» **Collected material**
* * *

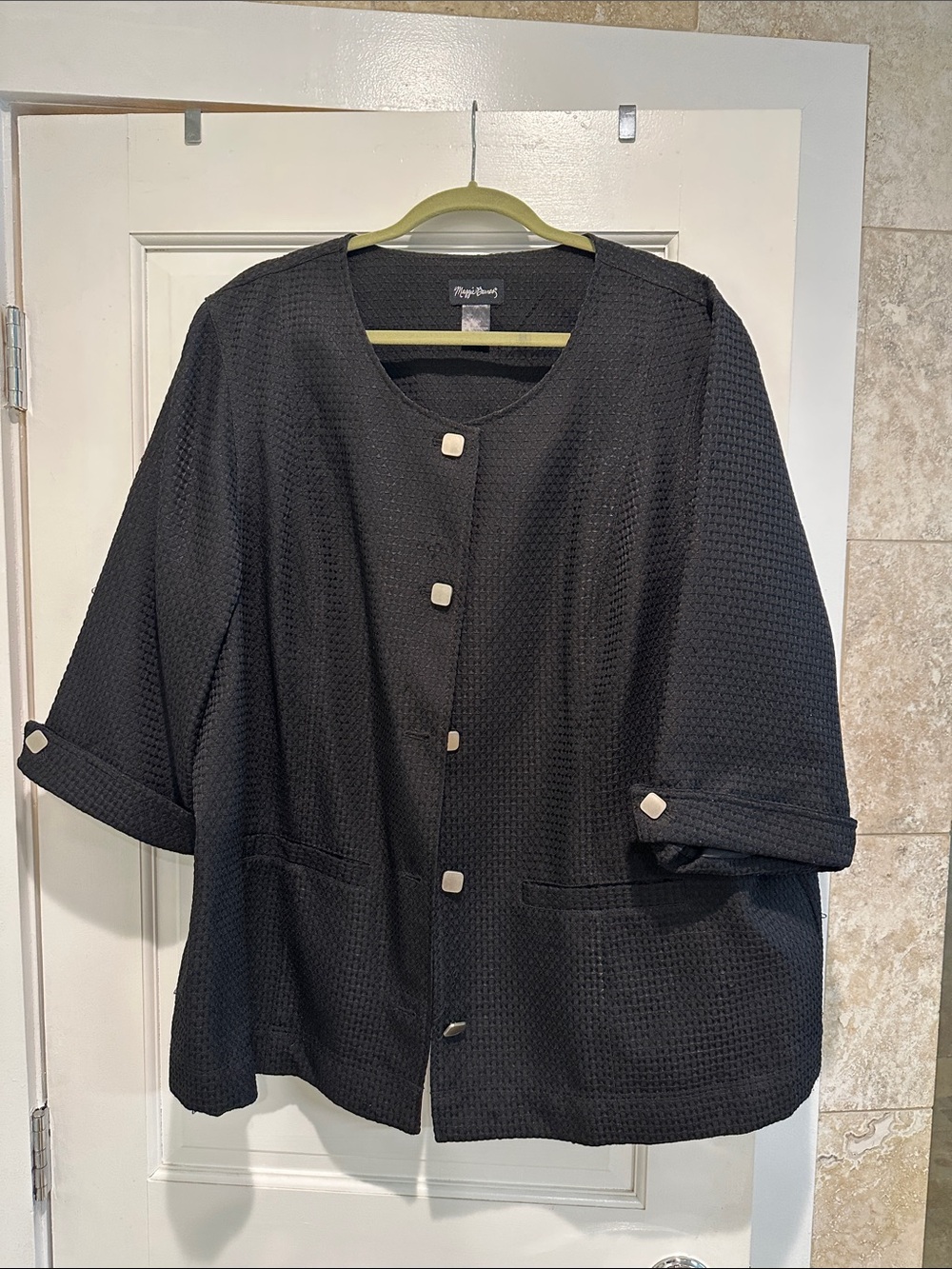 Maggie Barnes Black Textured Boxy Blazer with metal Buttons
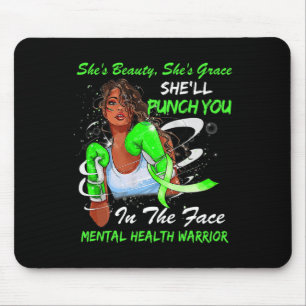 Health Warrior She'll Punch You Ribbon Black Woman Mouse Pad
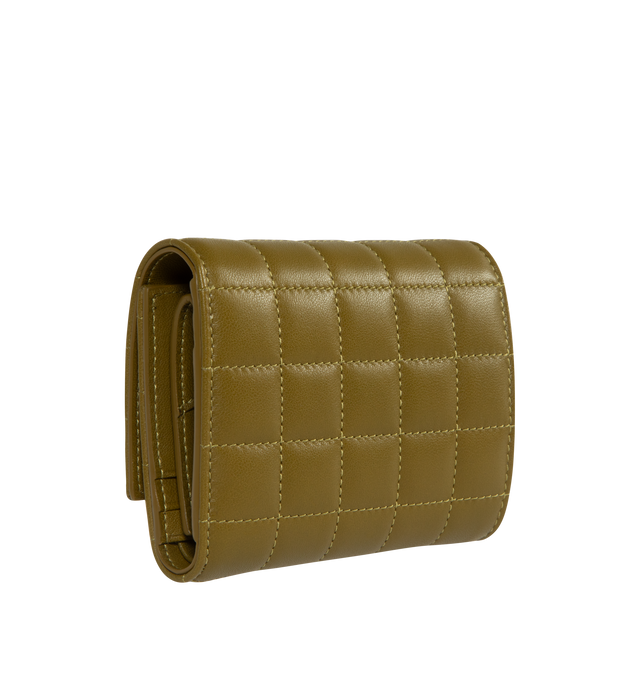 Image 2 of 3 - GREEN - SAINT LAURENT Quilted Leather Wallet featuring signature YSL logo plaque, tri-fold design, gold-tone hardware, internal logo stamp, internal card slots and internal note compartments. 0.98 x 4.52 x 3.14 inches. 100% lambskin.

* * *

» **What you need to do**
Write the material above out again exactly as it reads, but don't carry over the pictures.

» **Exercise output**
 Maggie Barnes Black Textured Boxy Blazer with metal Buttons
 Health Warrior She'll Punch You Ribbon Black Woman Mouse Pad
 Image 2 of 3 - GREEN - SAINT LAURENT Quilted Leather Wallet featuring signature YSL logo plaque, tri-fold design, gold-tone hardware, internal logo stamp, internal card slots and internal note compartments. 0.98 x 4.52 x 3.14 inches. 100% lambskin.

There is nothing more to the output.